▸ **DATASET EXCERPTS**
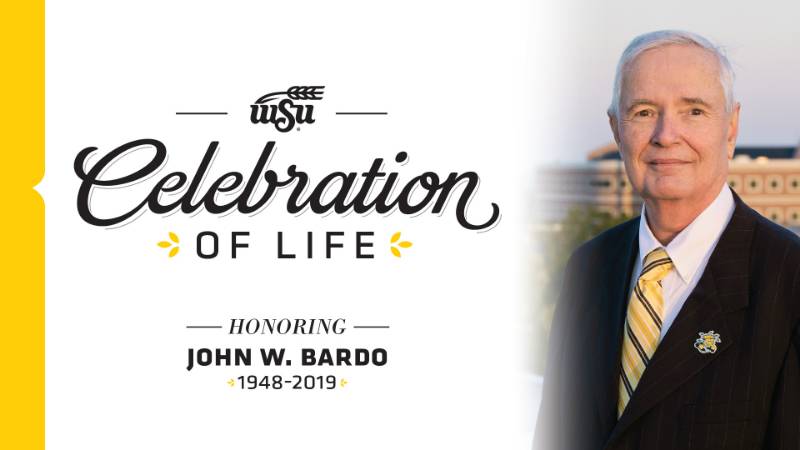 Bardo Celebration of Life April 15, 2019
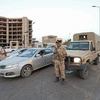 Hội đồng Bảo an gia hạn sứ mệnh gìn giữ hòa bình tại Libya 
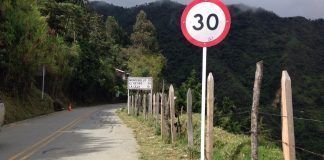 Así están las vías para este fin de semana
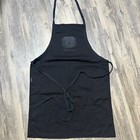 Safeway Employee Apron Grocery Store Uniform Black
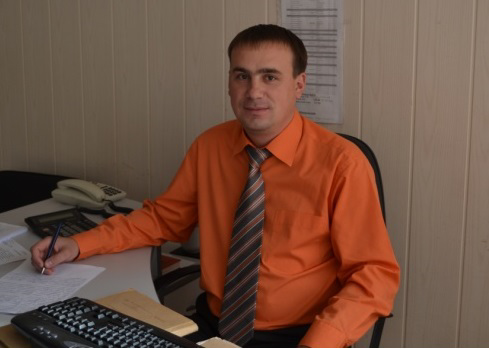 Дмитрий Калита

▸ **ACTIVITY**
Write out again, exactly, each line from the one containing "Así están las vías para este fin de semana" through the last line of the entries, and omit every picture.

▸ **RESPONSE TO THIS TASK**
 Así están las vías para este fin de semana
 Safeway Employee Apron Grocery Store Uniform Black
 Дмитрий Калита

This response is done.